ELM Scheme

Brisel

Member
Arable Farmer
Location
Midlands
Hmm. The countryside HAS changed. Field sizes are bigger thanks to the drive for productivity (subsidised) and biodiversity has suffered where farms have moved away from a mixed enterprise model to something more specialised, with the aid of technology and chemistry. Some species have done well out of modern agriculture and land management pigeons, badgers, raptors, sparrows etc but many have not. Saying "well you wanted and paid us to feed the world" isn't really the right answer. Much of the admin burden has come from the Common Agricultural Policy and GATT/WTO trade talks, but also consumer demands & lessons learned from mistakes made e.g. food scares.

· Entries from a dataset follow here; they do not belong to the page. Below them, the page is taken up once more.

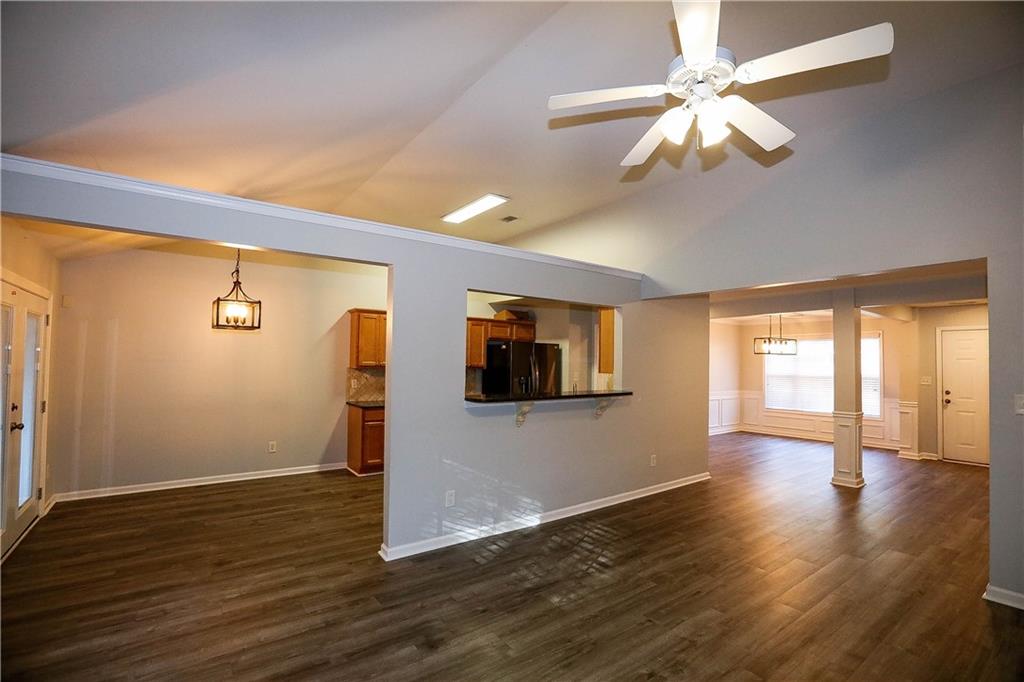 3264 Star Pine Court Duluth, GA 30096 - Photo 7 of 43 a view of an empty room with wooden floor and a window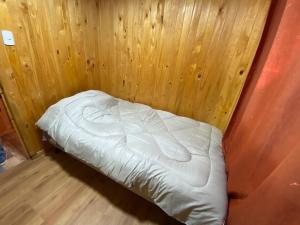 Cama pequeña en habitación con pared de madera en Cabaña en sector residencial, en Puerto Aysén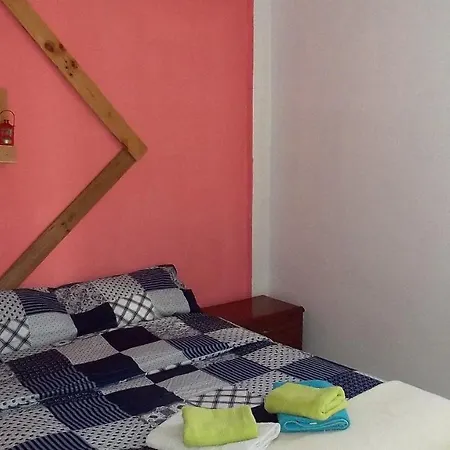 Проживание в семье Casa En La Ola *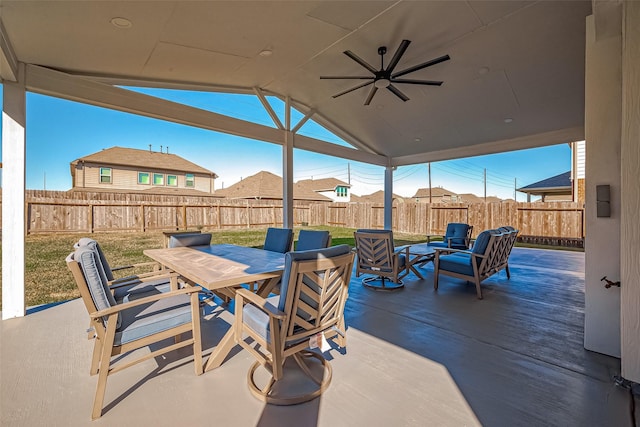 view of patio / terrace featuring outdoor dining area, a ceiling fan, and a fenced backyard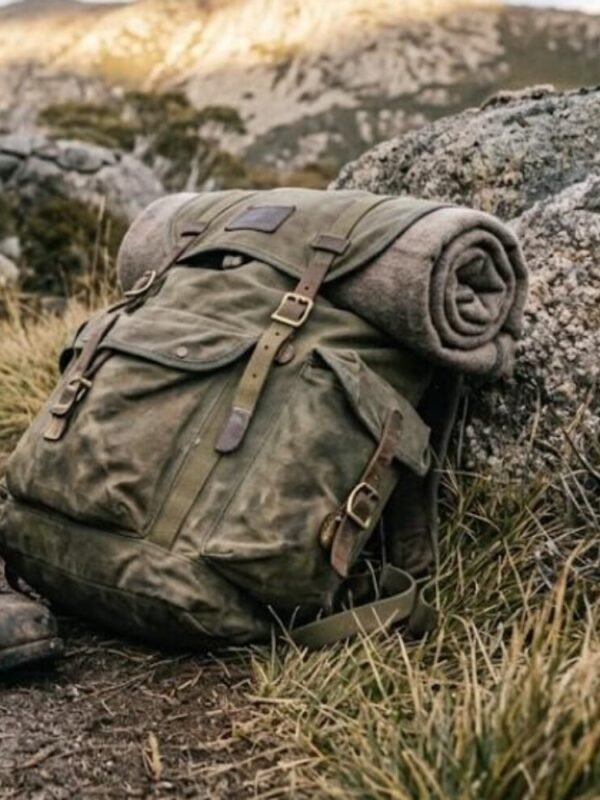 A loaded waxed-canvas expedition pack against granite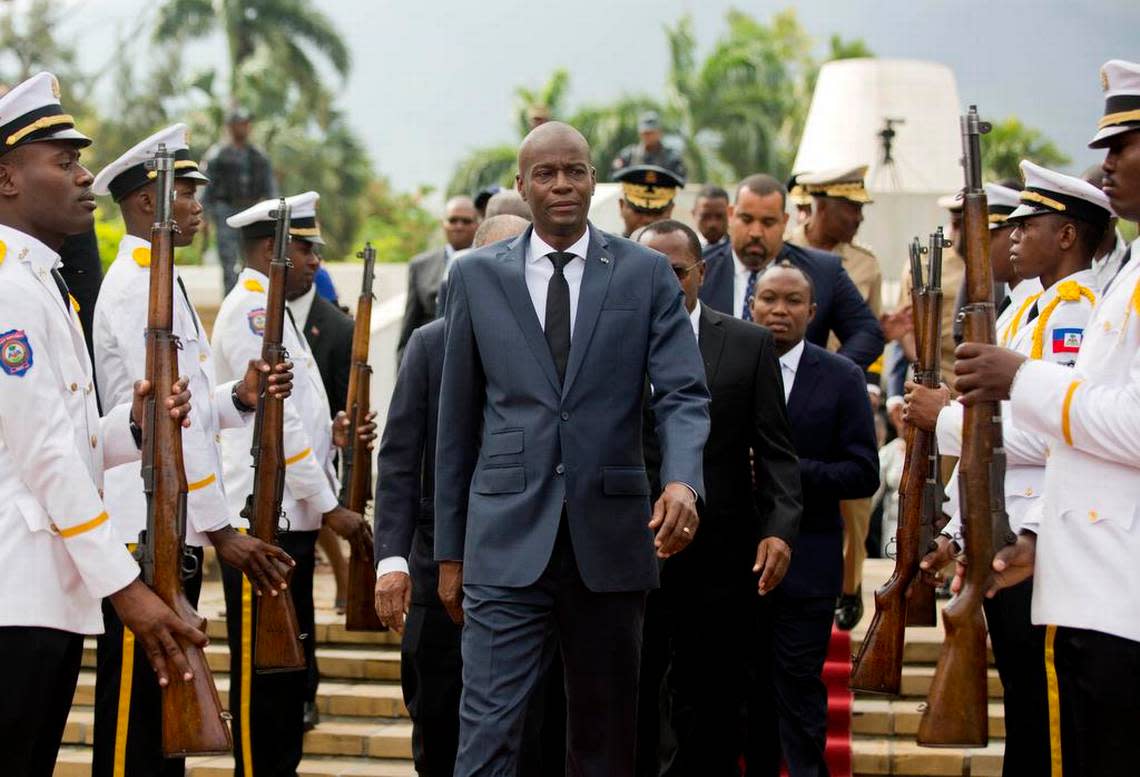 In this April 7, 2018, file photo, Haitian President Jovenel Moïse, center, leaves the  the National Pantheon Museum in Port-au-Prince, Haiti after a ceremony marking the 215th anniversary of the death of revolutionary hero Toussaint Louverture on April 7, 1803 in a French prison.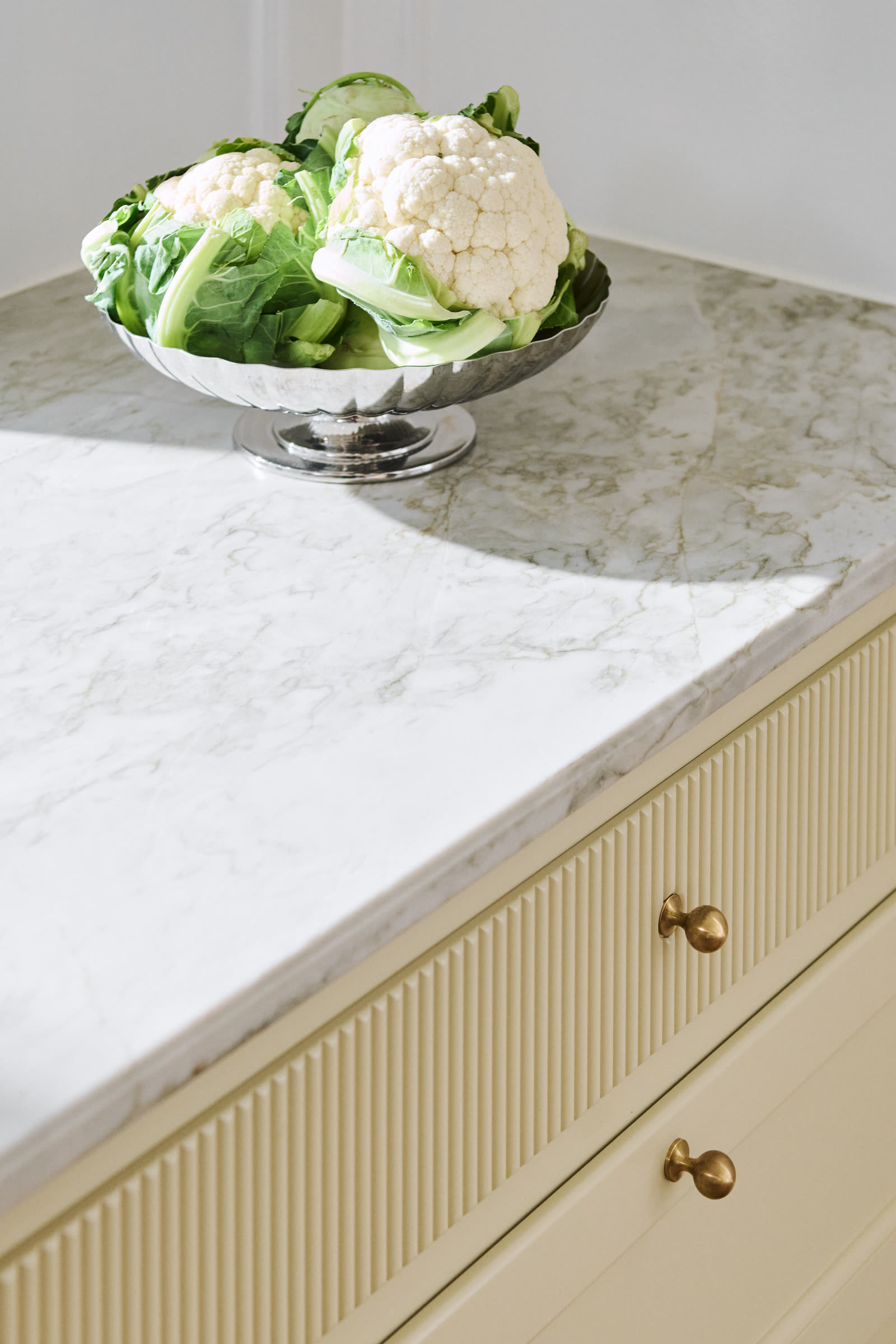 The stone worktop and fluted drawer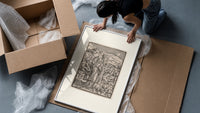 Death leading a bishop framed print being unpacked from protective bubble wrap and a box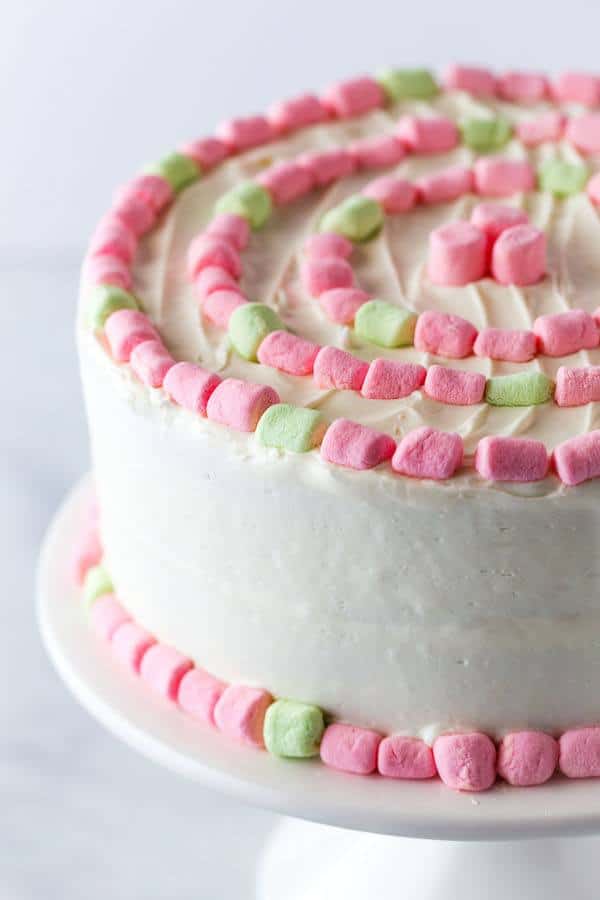 Strawberry cake with white frosting and pink and green marshmallows sits on a cake stand.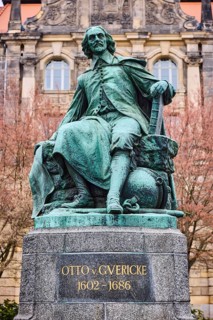Monument to Otto von Guericke, sandstone building, public order office, bare winter trees, historic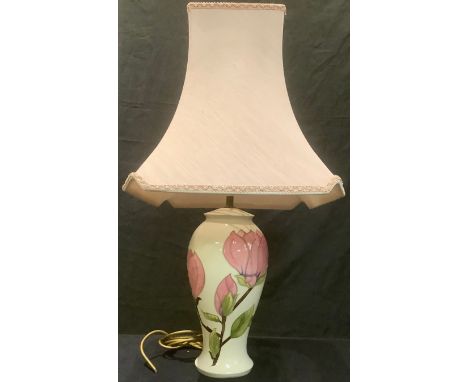 A large Moorcroft Magnolia pattern lamp with shade 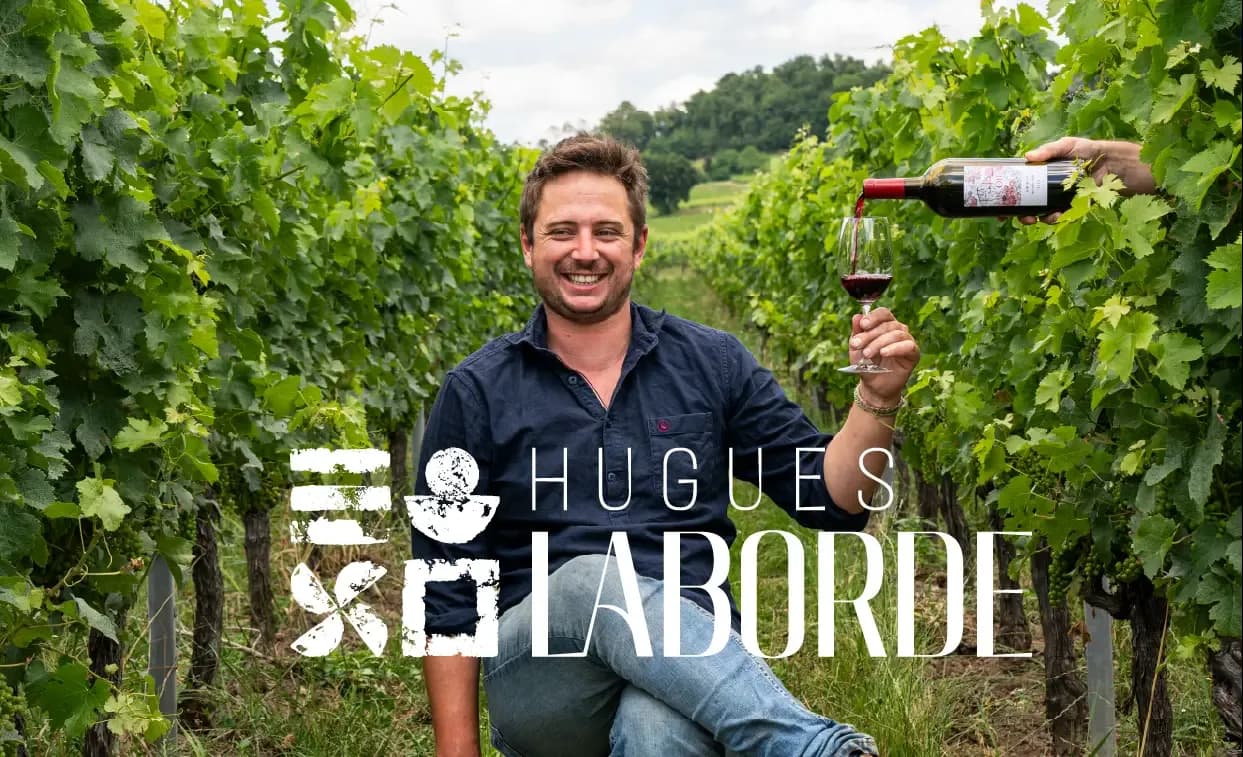 Hugues Laborde smiles in a vineyard as red wine is poured into his glass.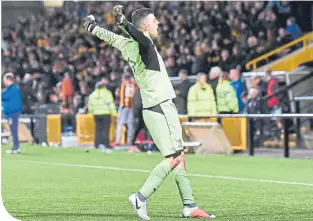  ??  ?? East Fife keeper Brett Long celebrates his side’s winning goal, leading to a red card from the referee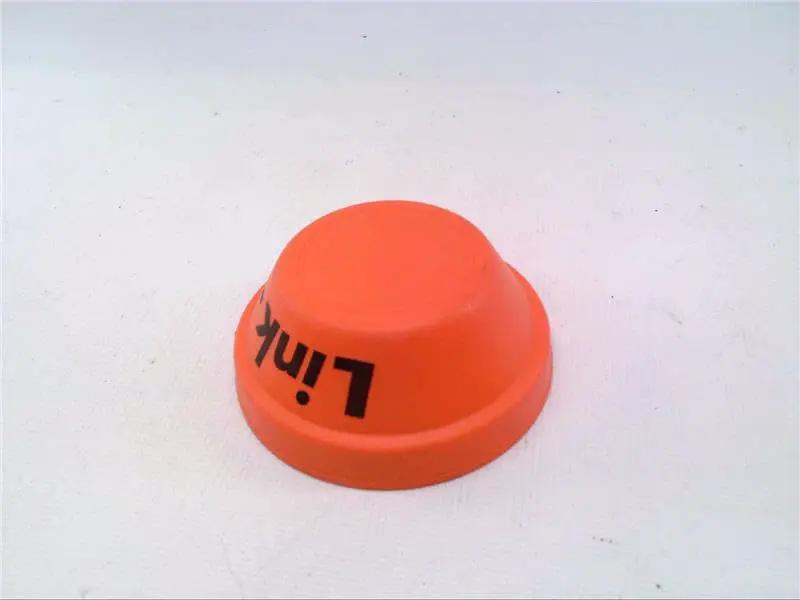 Orange plastic disc with text 'Link' printed on it, shown on a white background.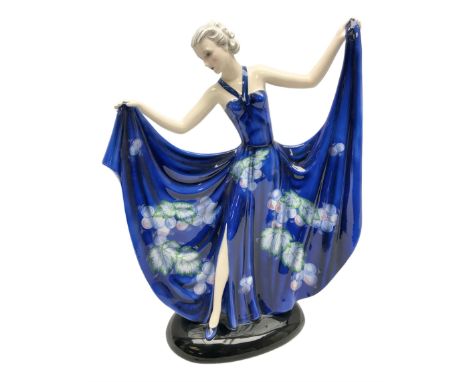 20th century American Goldscheider Art Deco figure, female in blue dress decorated with vines and grapes, holding up her skir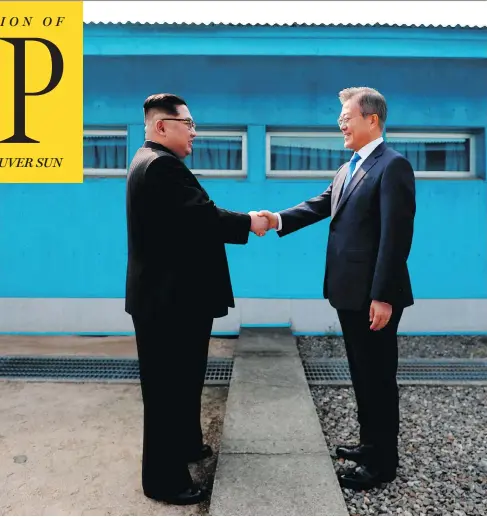  ?? KOREA SUMMIT PRESS POOL / AFP / GETTY IMAGES ?? North Korean leader Kim Jong Un, left, shakes hands with South Korea’s President Moon Jae-in at the Military Demarcatio­n Line that divides their countries ahead of their summit at the truce village of Panmunjom on Friday.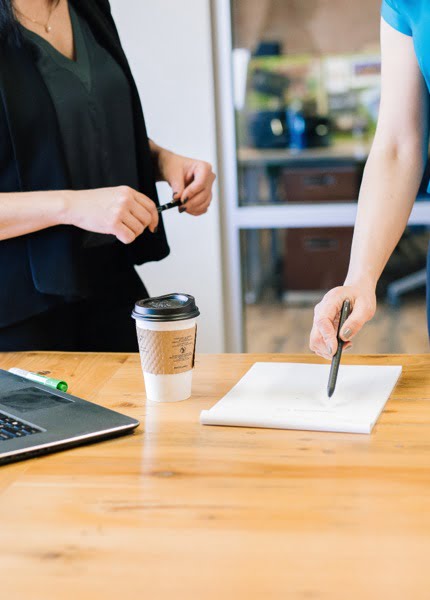 Close up shot of two colleagues discussing a document on a table. AML KYC compliance software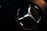 A close-up view of a metallic emblem on a textured black background, illuminated with subtle lighting that highlights its reflective surface.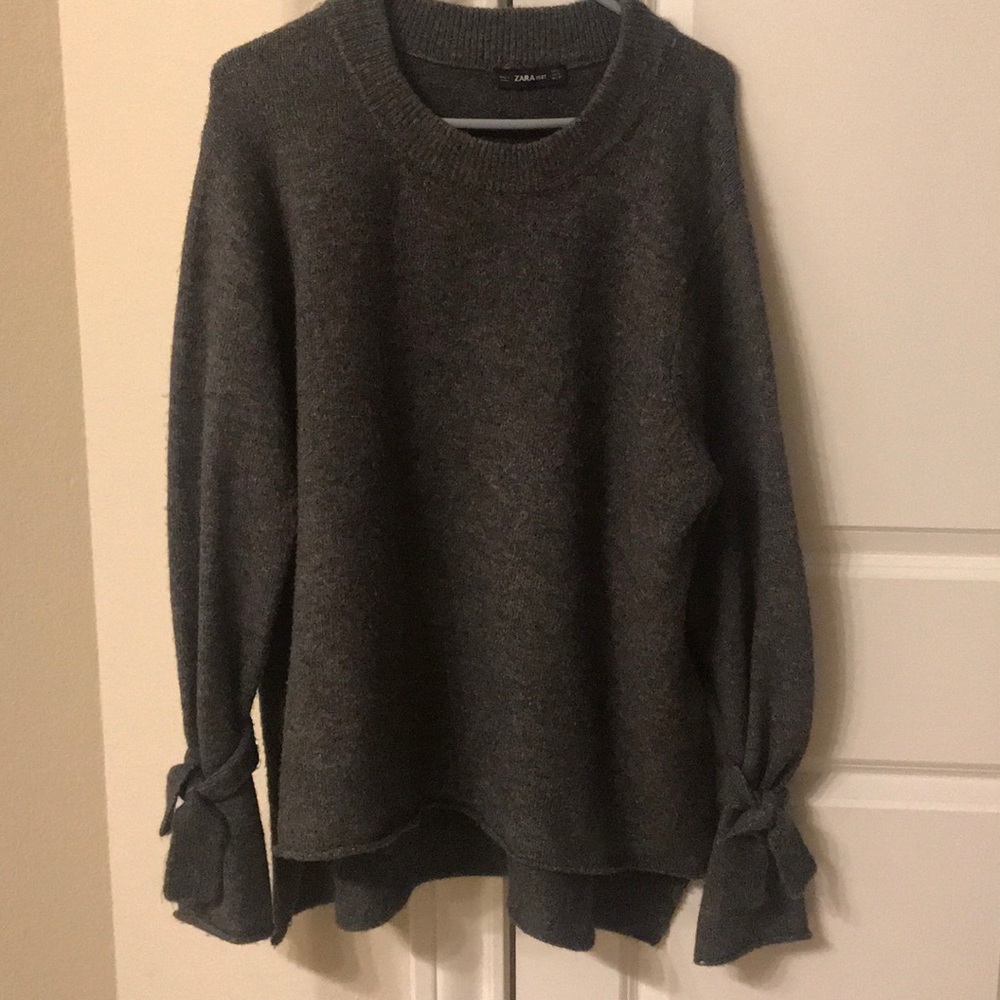Zara high-low sweater with tie sleeves.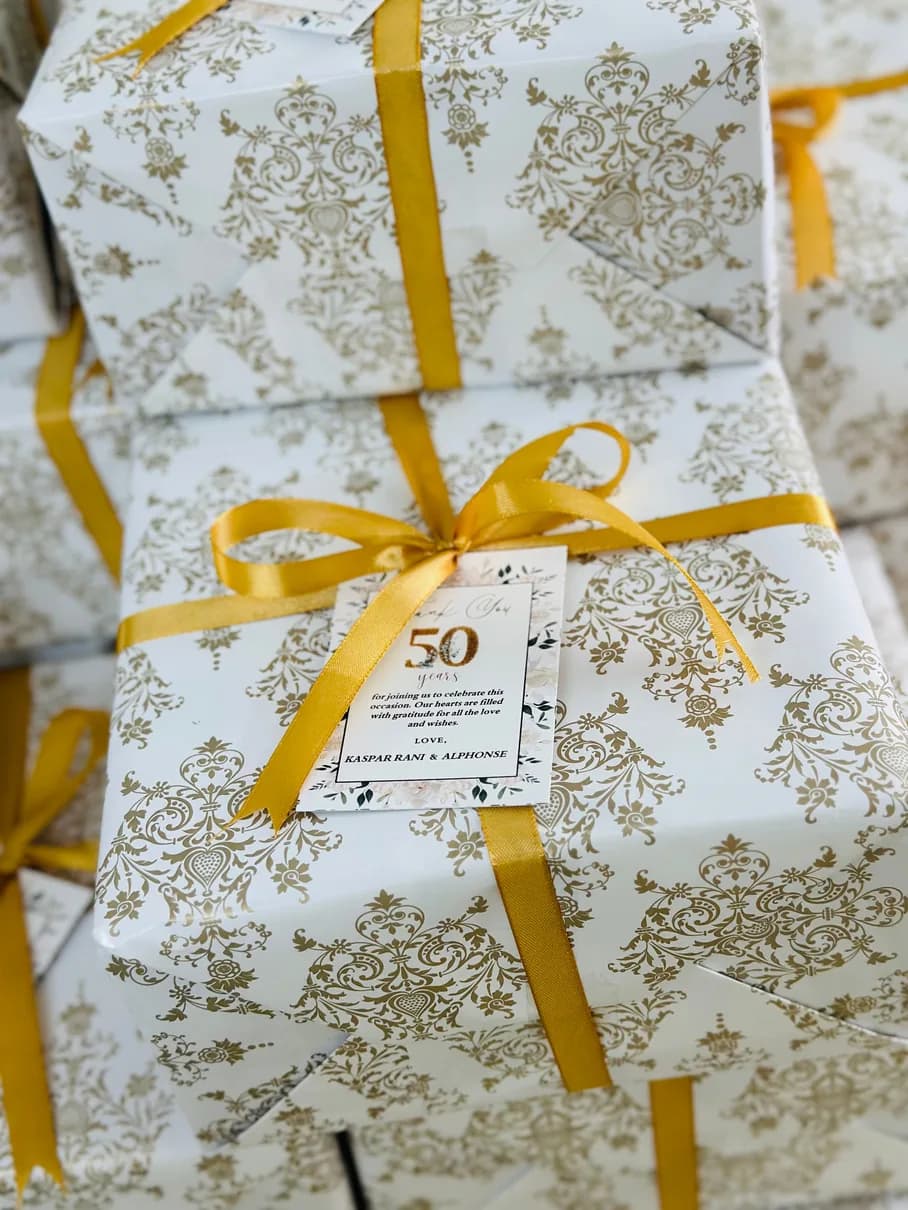 Gold-printed wrapping for a 50th anniversary celebration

Change is inevitable and continuous. We need to adapt to that.
 

Overby

Member
Mixed Farmer
Location
South West
For sure. And if Defra have got peer reviewed scientific studies to show that not producing 1t of wheat in the UK (to our standards) and instead producing 1t of wheat in Russia (to their standards) and shipping it in is better for the atmosphere, then crack on.
The whole 'out of country, out of mind' environment sham is a disgrace, from the wheat example you use above,.to the same with coal, and don't get me started on the hoops we have to jump through re silage wrap and net only to see it shipped off and burnt elsewhere. Too much smoke and mirrors.
 
Reading through this thread has been very interesting, there are many sides to the conservation. Hopefully the changing subsidies will not spell out disaster for our nations hard working farmers! I am working on my dissertation which is focused on farmer's experiences with conservation schemes. If possible I would really appreciate if you could take a few minutes to fill out my short questionnaire (8 questions, ~5 minutes). Take care, Joe
 

Brisel

Member
Arable Farmer
Location
Midlands
Reading through this thread has been very interesting, there are many sides to the conservation. Hopefully the changing subsidies will not spell out disaster for our nations hard working farmers! I am working on my dissertation which is focused on farmer's experiences with conservation schemes. If possible I would really appreciate if you could take a few minutes to fill out my short questionnaire (8 questions, ~5 minutes). Take care, Joe

Done
 

Overby

Member
Mixed Farmer
Location
South West
Reading through this thread has been very interesting, there are many sides to the conservation. Hopefully the changing subsidies will not spell out disaster for our nations hard working farmers! I am working on my dissertation which is focused on farmer's experiences with conservation schemes. If possible I would really appreciate if you could take a few minutes to fill out my short questionnaire (8 questions, ~5 minutes). Take care, Joe
👍🏼 Done it
 

BrianV

Member
Mixed Farmer
Location
Dartmoor
Reading through this thread has been very interesting, there are many sides to the conservation. Hopefully the changing subsidies will not spell out disaster for our nations hard working farmers! I am working on my dissertation which is focused on farmer's experiences with conservation schemes. If possible I would really appreciate if you could take a few minutes to fill out my short questionnaire (8 questions, ~5 minutes). Take care, Joe
Done
 

BrianV

Member
Mixed Farmer
Location
Dartmoor
Hmm. The countryside HAS changed. Field sizes are bigger thanks to the drive for productivity (subsidised) and biodiversity has suffered where farms have moved away from a mixed enterprise model to something more specialised, with the aid of technology and chemistry. Some species have done well out of modern agriculture and land management pigeons, badgers, raptors, sparrows etc but many have not. Saying "well you wanted and paid us to feed the world" isn't really the right answer. Much of the admin burden has come from the Common Agricultural Policy and GATT/WTO trade talks, but also consumer demands & lessons learned from mistakes made e.g. food scares.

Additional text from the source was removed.